MerkleJson
Generates a unique hash for a json or dict object. In this way you can guarantee the consistency of your json object quickly and easily by storing a unique hash which would act as a certificate signature.
MerkleJson guarantees the unique hash, regardless of the order of the json objects in a list. Also it detects if an merkle hash already exists in the object which avoids re-calculations. Furthermore, you can keep the consistency of the object only partially, by ignoring other irrelevant keys.
Installation
pip install merkle-json
Usage
from merkle_json import MerkleJson
mj = MerkleJson()
Serialize JSON object :
Unlike JSON, MerkleJson serializes objects canonically.
obj = {
'keyD': 1,
'keyA': 2,
'keyC': [4,3],
'keyB': 4,
}
print(obj)
mj = MerkleJson()
mj.stringify(obj)
Generate unique hash of JSON object :
mj = MerkleJson()
mjHash = mj.hash(obj)
print(mjHash)
obj_unordered = {
'keyC': [3,4],
'keyA': 2,
'keyB': 4,
'keyD': 1,
}
mj.hash(obj_unordered)
As you can see they both return the same merkle hash value.
In python when comparing both objects you will get a False
to obj == obj_unordered
due to the array which has a different order [4,3] != [3,4]
.
If merkleHash
(default key) is present then the calculation will not be performed (by default cached = True
) :
new_obj = {
'key1': 'something',
'key2': 'otherthing'
}
mj = MerkleJson()
mjHash = mj.hash(new_obj, cached = True)
print(mjHash)
new_obj = {
'key1': 'something',
'key2': 'otherthing',
'merkleHash': 'my_hash',
'merkleHash2' : 'my_valid_hash'
}
mj = MerkleJson(ignoreKeys=['merkleHash2'])
mjHash = mj.hash(new_obj, cached = False)
print(mjHash)
mjHash = mj.hash(new_obj)
print(mjHash)
You can get the hash which is stored in a different key by using hashTag
parameter :
mj = MerkleJson(hashTag= 'merkleHash2')
mjHash = mj.hash(new_obj)
print(mjHash)
Ignore specific key in the object with the parameter ignoreKeys
:
This way you can keep the consistency of the object partially.
new_obj = {
'key1': 'something',
'key2': 'otherthing'
}
obj_without_key2 = {
'key1': 'something'
}
mj = MerkleJson(ignoreKeys = ['key2'])
mjHash = mj.hash(new_obj)
print(mjHash)
mjHash2 = mj.hash(obj_without_key2)
print(mjHash2)
print(mjHash == mjHash2)
Ignore keys with None
values by setting ignoreNulls = True
when calling the hash()
function :
k = [{
'test' : None,
'test2': 1
}]
l = [{
'test2': 1
}]
print(mj.hash(k))
print(mj.hash(k, ignoreNulls=True))
print(mj.hash(l))
License
MIT
Credit
The project was inspired by :
- Merkle Tree
- Similar package/project in javascript : merkle-json
Merkle Tree
Merkle Trees, also known as hash trees, are a data structure used to efficiently verify the integrity of large datasets.

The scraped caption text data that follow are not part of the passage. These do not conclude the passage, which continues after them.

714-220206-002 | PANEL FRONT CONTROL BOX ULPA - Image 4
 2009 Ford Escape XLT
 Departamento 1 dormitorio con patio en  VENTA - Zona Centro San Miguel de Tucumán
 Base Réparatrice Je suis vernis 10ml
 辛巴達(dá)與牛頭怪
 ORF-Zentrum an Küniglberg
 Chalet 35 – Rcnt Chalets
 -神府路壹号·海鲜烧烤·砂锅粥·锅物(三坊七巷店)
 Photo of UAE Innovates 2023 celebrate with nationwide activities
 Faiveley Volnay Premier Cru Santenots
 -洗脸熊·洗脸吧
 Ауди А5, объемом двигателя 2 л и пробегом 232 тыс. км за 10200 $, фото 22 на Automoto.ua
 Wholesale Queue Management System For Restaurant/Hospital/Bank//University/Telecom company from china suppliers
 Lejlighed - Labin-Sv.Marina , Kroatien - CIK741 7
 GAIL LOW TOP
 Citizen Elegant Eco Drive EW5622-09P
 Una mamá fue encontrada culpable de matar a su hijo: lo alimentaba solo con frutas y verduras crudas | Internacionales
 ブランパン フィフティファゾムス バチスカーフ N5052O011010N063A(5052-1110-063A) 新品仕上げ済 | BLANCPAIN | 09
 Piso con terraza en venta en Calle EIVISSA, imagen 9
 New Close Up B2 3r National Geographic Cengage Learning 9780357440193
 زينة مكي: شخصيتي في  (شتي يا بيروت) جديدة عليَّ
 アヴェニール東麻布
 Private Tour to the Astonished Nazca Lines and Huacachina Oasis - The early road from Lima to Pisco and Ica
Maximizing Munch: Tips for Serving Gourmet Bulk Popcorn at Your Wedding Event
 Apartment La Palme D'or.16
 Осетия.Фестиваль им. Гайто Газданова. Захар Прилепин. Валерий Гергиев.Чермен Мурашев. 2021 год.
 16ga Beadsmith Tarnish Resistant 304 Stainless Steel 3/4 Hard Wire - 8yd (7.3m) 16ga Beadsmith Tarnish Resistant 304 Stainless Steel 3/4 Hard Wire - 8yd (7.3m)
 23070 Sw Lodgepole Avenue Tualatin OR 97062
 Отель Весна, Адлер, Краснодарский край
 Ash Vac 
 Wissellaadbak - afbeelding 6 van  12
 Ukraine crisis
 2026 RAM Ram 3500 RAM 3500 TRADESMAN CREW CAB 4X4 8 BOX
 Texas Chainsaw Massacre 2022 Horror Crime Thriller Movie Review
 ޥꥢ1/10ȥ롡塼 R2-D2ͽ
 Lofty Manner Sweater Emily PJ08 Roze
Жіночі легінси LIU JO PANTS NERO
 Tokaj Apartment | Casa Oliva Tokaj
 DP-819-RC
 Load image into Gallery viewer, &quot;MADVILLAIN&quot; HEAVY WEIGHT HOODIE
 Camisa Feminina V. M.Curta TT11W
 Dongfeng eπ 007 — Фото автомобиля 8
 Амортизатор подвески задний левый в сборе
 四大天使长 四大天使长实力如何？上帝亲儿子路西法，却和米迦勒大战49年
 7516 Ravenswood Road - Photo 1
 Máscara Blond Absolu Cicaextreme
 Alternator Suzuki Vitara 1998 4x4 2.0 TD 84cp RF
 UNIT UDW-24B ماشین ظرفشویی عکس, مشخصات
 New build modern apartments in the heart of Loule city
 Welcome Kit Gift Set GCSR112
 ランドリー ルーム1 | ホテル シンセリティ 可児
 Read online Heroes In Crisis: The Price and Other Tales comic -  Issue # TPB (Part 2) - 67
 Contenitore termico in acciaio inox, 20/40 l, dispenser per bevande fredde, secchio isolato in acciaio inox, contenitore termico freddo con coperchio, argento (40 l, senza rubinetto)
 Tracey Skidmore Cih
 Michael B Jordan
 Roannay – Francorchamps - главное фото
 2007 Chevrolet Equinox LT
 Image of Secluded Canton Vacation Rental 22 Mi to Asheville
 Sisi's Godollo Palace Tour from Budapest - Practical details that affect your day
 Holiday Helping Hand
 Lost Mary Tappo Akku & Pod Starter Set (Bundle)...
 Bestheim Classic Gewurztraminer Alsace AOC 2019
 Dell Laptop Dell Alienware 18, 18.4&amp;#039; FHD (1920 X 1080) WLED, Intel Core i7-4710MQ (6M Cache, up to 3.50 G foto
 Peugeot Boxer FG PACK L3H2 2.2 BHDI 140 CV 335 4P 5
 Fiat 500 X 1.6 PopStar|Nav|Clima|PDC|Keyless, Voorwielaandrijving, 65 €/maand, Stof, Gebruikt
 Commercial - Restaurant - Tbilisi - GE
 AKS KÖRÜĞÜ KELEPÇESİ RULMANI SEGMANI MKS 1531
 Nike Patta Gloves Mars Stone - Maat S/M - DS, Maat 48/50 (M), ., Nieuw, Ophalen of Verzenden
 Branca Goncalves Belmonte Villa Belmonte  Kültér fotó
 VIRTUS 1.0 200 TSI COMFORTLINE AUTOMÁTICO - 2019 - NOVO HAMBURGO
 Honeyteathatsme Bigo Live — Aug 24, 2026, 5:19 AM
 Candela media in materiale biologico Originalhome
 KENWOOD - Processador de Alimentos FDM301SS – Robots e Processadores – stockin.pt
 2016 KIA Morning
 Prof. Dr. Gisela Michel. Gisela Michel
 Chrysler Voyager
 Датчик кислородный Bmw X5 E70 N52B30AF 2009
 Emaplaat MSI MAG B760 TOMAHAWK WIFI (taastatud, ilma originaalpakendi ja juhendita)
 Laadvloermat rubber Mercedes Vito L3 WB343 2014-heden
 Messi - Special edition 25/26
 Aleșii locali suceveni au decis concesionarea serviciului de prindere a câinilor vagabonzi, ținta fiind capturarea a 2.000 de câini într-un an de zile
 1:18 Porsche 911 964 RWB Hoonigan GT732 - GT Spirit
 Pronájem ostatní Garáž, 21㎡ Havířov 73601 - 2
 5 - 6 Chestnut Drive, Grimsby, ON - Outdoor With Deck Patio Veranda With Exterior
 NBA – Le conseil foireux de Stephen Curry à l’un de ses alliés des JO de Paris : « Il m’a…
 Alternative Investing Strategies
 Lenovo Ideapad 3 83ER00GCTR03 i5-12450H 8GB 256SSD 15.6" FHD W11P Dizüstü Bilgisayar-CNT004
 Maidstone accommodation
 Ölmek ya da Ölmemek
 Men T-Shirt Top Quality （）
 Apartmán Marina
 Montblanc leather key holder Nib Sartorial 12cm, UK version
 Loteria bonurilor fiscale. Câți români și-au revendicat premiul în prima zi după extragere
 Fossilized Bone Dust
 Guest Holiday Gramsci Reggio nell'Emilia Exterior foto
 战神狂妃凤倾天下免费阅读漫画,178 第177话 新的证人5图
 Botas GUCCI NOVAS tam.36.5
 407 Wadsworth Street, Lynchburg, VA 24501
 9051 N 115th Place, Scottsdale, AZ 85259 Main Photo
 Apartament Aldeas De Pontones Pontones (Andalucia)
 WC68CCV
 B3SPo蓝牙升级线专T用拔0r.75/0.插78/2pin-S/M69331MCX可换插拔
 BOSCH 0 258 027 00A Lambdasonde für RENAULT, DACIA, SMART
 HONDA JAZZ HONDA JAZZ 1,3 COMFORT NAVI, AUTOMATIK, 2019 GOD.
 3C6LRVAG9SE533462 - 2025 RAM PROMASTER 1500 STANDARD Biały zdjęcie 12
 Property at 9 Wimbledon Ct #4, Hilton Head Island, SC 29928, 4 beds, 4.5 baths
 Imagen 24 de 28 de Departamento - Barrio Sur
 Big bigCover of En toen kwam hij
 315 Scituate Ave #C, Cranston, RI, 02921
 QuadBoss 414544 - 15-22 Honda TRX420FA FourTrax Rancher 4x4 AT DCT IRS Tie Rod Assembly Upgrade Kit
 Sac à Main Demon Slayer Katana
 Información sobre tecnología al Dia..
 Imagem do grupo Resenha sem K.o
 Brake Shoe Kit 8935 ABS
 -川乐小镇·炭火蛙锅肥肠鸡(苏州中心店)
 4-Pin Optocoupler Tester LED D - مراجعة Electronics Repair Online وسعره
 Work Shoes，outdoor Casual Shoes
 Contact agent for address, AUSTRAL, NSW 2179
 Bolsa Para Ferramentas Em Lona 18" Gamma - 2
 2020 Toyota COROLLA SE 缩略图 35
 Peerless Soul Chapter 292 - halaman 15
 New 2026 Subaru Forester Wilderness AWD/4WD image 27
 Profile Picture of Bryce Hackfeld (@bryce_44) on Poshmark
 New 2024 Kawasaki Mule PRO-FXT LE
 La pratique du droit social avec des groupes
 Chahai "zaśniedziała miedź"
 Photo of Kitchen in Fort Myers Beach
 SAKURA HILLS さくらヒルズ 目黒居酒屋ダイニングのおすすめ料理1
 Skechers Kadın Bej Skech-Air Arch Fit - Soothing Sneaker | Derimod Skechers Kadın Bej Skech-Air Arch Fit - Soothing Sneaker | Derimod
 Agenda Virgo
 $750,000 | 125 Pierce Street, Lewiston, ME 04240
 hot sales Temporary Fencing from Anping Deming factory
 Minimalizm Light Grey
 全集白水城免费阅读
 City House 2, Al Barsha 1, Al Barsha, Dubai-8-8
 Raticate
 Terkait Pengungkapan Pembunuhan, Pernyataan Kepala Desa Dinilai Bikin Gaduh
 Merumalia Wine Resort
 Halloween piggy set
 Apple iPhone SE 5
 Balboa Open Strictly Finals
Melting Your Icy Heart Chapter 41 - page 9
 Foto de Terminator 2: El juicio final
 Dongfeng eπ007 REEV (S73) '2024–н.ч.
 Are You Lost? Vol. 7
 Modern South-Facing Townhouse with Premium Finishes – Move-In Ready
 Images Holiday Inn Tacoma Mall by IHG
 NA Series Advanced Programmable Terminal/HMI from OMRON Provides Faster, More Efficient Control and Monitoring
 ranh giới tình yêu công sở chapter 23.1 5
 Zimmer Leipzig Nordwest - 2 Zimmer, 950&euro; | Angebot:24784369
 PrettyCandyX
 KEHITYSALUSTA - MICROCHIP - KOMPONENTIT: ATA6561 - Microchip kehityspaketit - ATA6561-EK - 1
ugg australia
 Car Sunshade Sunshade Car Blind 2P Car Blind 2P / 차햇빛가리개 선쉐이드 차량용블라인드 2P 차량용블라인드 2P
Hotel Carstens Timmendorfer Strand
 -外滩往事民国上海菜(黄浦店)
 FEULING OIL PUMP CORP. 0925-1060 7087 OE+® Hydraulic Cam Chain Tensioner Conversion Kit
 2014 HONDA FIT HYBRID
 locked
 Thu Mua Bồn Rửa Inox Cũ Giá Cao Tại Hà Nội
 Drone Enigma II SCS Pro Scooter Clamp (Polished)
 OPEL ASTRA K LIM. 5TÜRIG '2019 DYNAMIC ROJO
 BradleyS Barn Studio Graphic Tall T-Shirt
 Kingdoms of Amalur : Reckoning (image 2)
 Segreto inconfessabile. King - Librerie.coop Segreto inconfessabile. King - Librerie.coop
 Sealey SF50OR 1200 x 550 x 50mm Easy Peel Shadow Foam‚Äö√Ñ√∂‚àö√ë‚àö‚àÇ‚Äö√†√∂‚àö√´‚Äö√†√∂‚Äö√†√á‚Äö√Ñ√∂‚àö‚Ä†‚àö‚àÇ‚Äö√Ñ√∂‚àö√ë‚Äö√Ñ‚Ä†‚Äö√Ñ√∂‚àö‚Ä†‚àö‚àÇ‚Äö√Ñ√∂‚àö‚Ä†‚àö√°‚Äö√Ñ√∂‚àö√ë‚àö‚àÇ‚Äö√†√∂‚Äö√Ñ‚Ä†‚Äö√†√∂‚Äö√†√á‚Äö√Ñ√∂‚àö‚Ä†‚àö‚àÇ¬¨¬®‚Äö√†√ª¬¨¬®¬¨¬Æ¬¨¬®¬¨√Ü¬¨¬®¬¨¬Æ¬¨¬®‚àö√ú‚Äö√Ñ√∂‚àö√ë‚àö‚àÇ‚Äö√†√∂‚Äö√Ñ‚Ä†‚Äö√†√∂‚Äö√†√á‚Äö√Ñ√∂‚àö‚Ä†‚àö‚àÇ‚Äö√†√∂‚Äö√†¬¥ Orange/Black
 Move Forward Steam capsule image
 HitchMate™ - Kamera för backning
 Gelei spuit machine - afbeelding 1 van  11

They were named after Ralph Merkle, who first proposed the idea in a 1979 paper.
A Merkle Tree works by recursively hashing pairs of data until a single hash value, known as the root hash or Merkle root, is produced. Each level of the tree represents a different layer of hashes, with the root hash at the top. The leaf nodes of the tree contain the original data or hashed values.
One of the main advantages of Merkle Trees is their ability to efficiently verify the integrity of large datasets without having to hash the entire dataset. Instead, by hashing only the nodes along the path from the data to the root, a Merkle proof can be generated which proves that the data is part of the larger dataset without revealing any other information about the dataset.
Merkle Trees are commonly used in peer-to-peer networks, such as blockchain technology, to ensure the integrity of the data stored in the network. They are also used in other applications such as file sharing and digital signatures.